Below is a Logstash pipeline that executes the above steps (with corresponding step numbers added as comments). Copy this pipeline into a file called "clones.conf" for execution:

## STEP 1
input {
  file {
    # make sure to edit the path to use your stocks.csv file
    path => "${HOME}/stocks.csv"
    # The following will ensure re-reading of full input 
    # each time Logstash executes (useful for debugging).
    start_position => "beginning"
    sincedb_path => "/dev/null"
  }
}
## STEP 2
filter {
   csv {
    columns => ["time","DAX","SMI","CAC","FTSE"]
    separator => ","
    convert => { 
      'DAX' => 'float'
      'SMI' => 'float'
      'CAC' => 'float'
      'FTSE' => 'float'
    }
  }
## STEP 3  
date {
    match => ['time', 'UNIX']
  }
## STEP 4
  # The following line will create 2 additional 
  # copies of each document (i.e. including the 
  # original, 3 in total). 
  # Each copy will automatically have a "type" field added 
  # corresponding to the name given in the array.
  clone {
    clones => ['clone_for_SMI', 'clone_for_FTSE']
  }
## STEP 5
  if [type] == 'clone_for_SMI' {
    # Remove everything except "SMI"
    prune {
       whitelist_names => [ "SMI"]
    }
    mutate {
      add_field => { "[@metadata][type]" => "only_SMI" } 
    }
  } 
  else if [type] == 'clone_for_FTSE' {
    prune {
       whitelist_names => [ "FTSE"]
    }
    mutate {
      add_field => { "[@metadata][type]" => "only_FTSE" } 
    }
  } 
}
## STEP 6
output {
  # The following output to stdout is just for debugging 
  # and can be removed
  stdout { 
    codec =>  rubydebug {
      metadata => true
    }
  }
  if [@metadata][type] == 'only_SMI' {
    elasticsearch {
      index => "smi_data"
    }
  }
  else if [@metadata][type] == 'only_FTSE' {
    elasticsearch {
      index => "ftse_data"
    }
  }
  else {
    elasticsearch {
      index => "stocks_original"
    }
  }
}

Testing the Logstash pipeline

To test this pipeline with the example CSV data, you could execute the following command, modifying it to ensure that you use paths that are correct for your system.
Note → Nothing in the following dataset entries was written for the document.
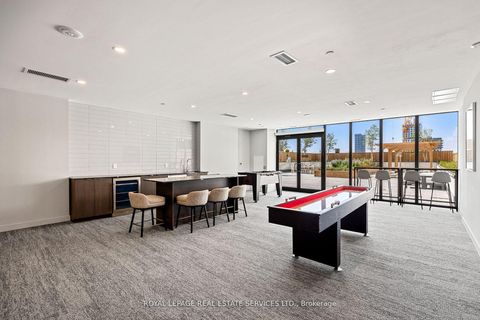 Photo 24 at 708 - 859 The Queensway, Queensway, Toronto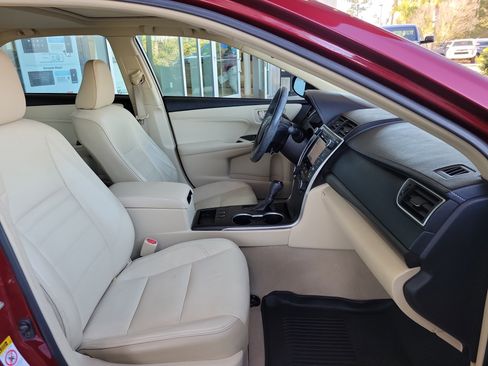 Used 2017 Toyota Camry XLE image 32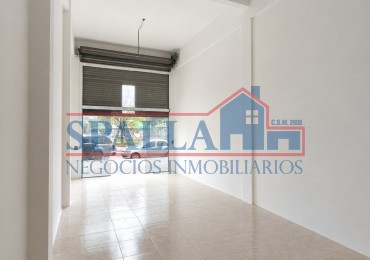 LOCAL COMERCIAL EN ALQUILER - FRENTE A LA ESTACION DE GRAND BOURG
Note that specifying "config.reload.automatic" is optional, but allows us to automatically reload "clones.conf" without restarting Logstash:

./logstash -f ./clones.conf --config.reload.automatic

Once Logstash has read the "stocks.csv" file and completed processing, we can view the three resulting indexes called "smi_data", "ftse_data", and "stocks_original".

Check the SMI index

GET /smi_data/_search

This will display documents with the following structure. Notice that only “SMI” data appears in the "smi_data" index.

      {
        "_index": "smi_data",
        "_type": "doc",
        "_id": "_QRskWUBsYalOV9y9hGJ",
        "_score": 1,
        "_source": {
          "SMI": 1688.5    
        }
      }

Check the FTSE index

GET /ftse_data/_search 

This will display documents with the following structure. Notice that only “FTSE” field appears in documents in the "ftse_data" index.

      {
        "_index": "ftse_data",
        "_type": "doc",
        "_id": "AgRskWUBsYalOV9y9hL0",
        "_score": 1,
        "_source": {
          "FTSE": 2448.2
        }
      }

Check the original documents index

GET /stocks_originals/_search 

This will display documents with the following structure. Notice that the original unfiltered version of the documents appears in the "stocks_original" index.

      {
        "_index": "stocks_original",
        "_type": "doc",
        "_id": "-QRskWUBsYalOV9y9hFo",
        "_score": 1,
        "_source": {
          "host": "Alexanders-MBP",
          "@timestamp": "2017-01-01T00:30:00.000Z",
          "SMI": 1678.1,
          "@version": "1",
          "message": "1483230600,1628.75,1678.1,1772.8,2443.6",
          "CAC": 1772.8,
          "DAX": 1628.75,
          "time": "1483230600",
          "path": "/Users/arm/Documents/ES6.3/datasets/stocks_for_clones.csv",
          "FTSE": 2443.6
        }
      }

Conclusion

In this blog post I have demonstrated a small subset of the capabilities of Logstash. Specifically, I presented an example that showed how to use Logstash to ingest data from multiple stock markets, and to then process and drive that data into distinct outputs. If you are testing Logstash and the Elastic Stack and have questions, feel free to seek help on our public discussion forums.